UK U-Turns on Child ‘Gender-Affirming Care’

The National Health Service of the United Kingdom (NHS), announced on Tuesday a major shift in its treatment approach for children with gender dysphoria. The agency will limit prescribing puberty-blockers to children.

This policy change was prompted by concerns about the lack of evidence that “gender-affirming care” is safe and effective for children. This decision is a turning point in the ongoing debate about how to treat children with gender confusion.

The National Health Service of England has banned the use of puberty-blocking drugs for children who are seeking treatment for gender dysphoria. They cited limited research.

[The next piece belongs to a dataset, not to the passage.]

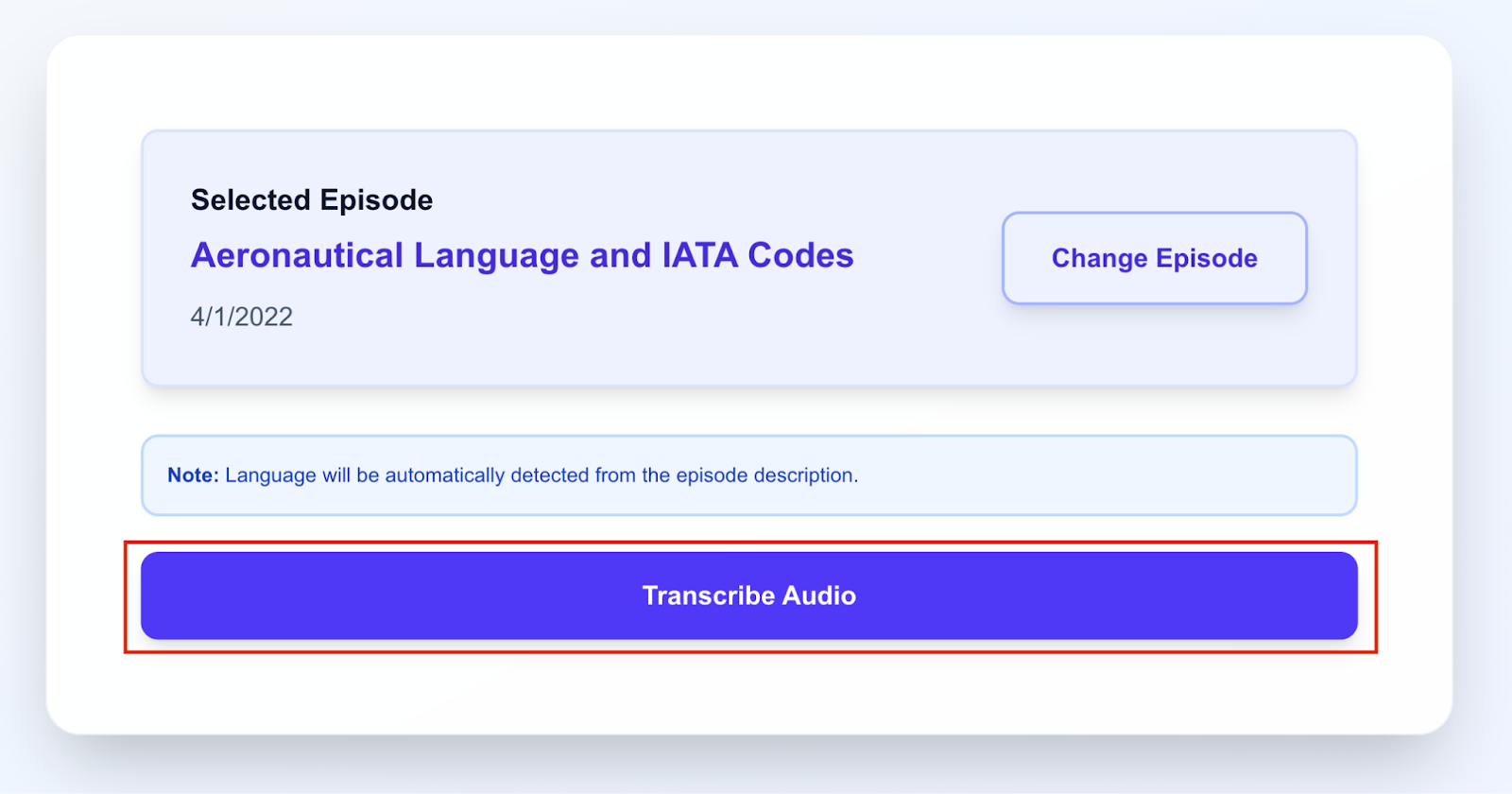 Get podcast transcriptions quickly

Puberty blockers, or gonadotropin-releasing hormone analogs (GnRHa), are a class of drugs that suppress sex hormones in adolescents by continually stimulating the pituitary gland. Children will only have access to it in certain circumstances, like clinical trials.

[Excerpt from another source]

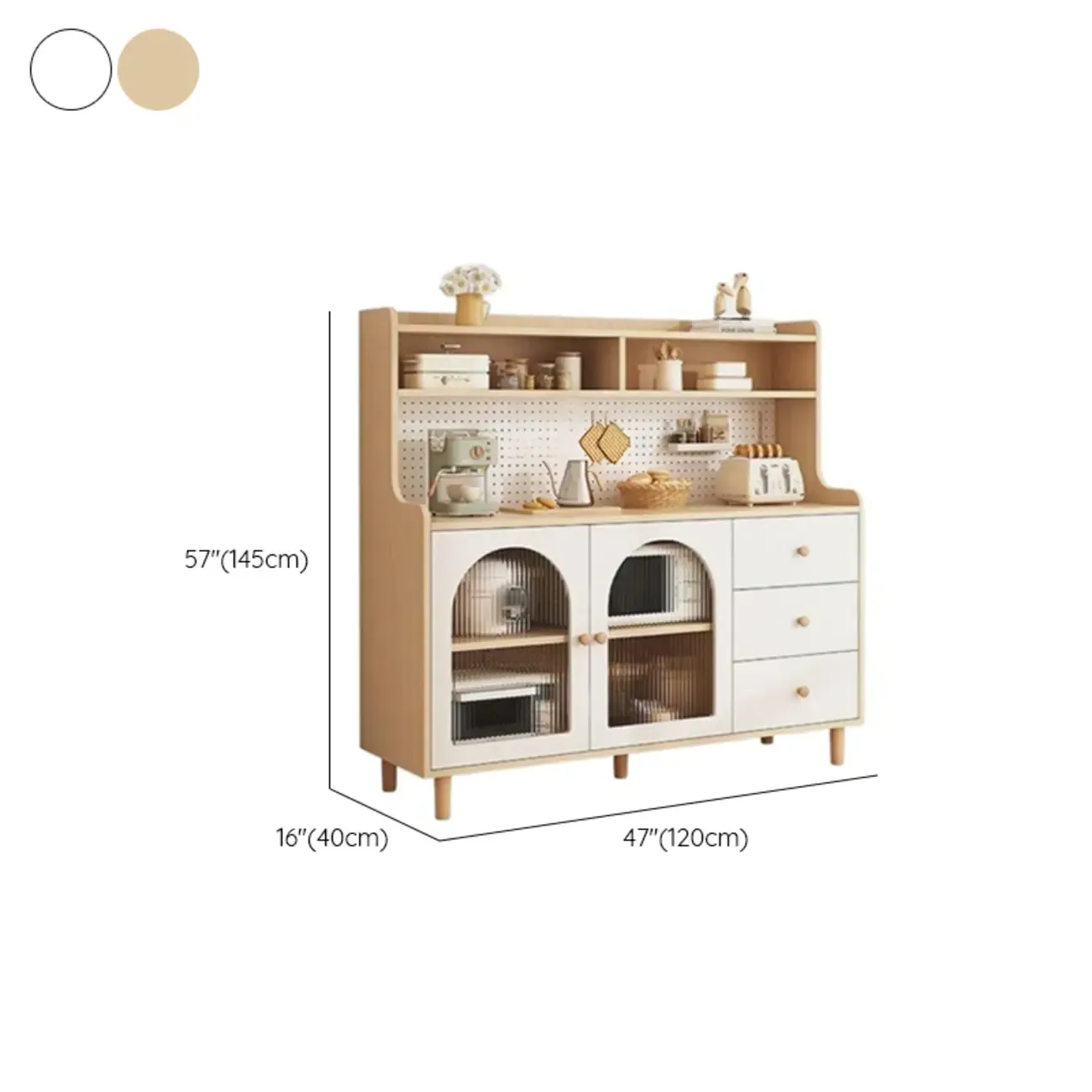 Kitchen Natural Wood Open Shelving 3-Drawer Sideboard Image - 27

The NHS’s website said, “Puberty blockers (gonadotrophin-releasing hormone analogs) are not available to children and young people for gender incongruence or gender dysphoria because there is not enough evidence of safety and clinical effectiveness.”

NHS England previously ordered that the London-based Tavistock and Portman Trust gender identity clinic close its doors due to safety concerns.

This shift is a result of various studies in European countries that show “gender-affirming care” does not benefit children with gender dysphoria, but can often cause more harm to their mental health. In 2020, the NHS began a review and decided to treat all children referred for treatment at two new clinics instead of more medical facilities.

A recent report highlights that some European countries such as Finland and Norway have increased their caution. This is in contrast to the United States, which embraced gender-affirming health care long before.

The NHS announced in January that they would take this step, while also taking steps to monitor closely the use of these drugs on minors.

NHS England has also announced that a new oversight board will be established to examine the effects of puberty-blocking drugs.

NHS England established a national Children and Young People’s Gender Dysphoria Research Oversight Board which has approved the development of a study on the impact of hormones that suppress puberty (‘puberty blocks’) in the early onset of gender dysphoria among children and young adults. The consultation report contains more information about the Board and study.

The report continues:

The Service will use a multi-disciplinary, holistic approach to assess and respond to the individual’s needs, taking into account the variety of co-presentations and complexities that are associated with gender identity development. A multidisciplinary integrated team (MDT), which includes the child, young person, and family, will determine the most appropriate clinical path in the child’s or young person’s best interest.

Maria Caulfield praised the move. She noted that “ending the routine description of Puberty Blockers will help to ensure that care is based upon evidence, expert clinical opinions, and is in the best interest of the child.”

The United Kingdom’s decision to move away from gender-affirming treatment is a major step. It could be a sign of similar actions from other countries that have championed this type of treatment for children. In the coming years, people will need to rethink their understanding of gender dysphoria and how they approach it.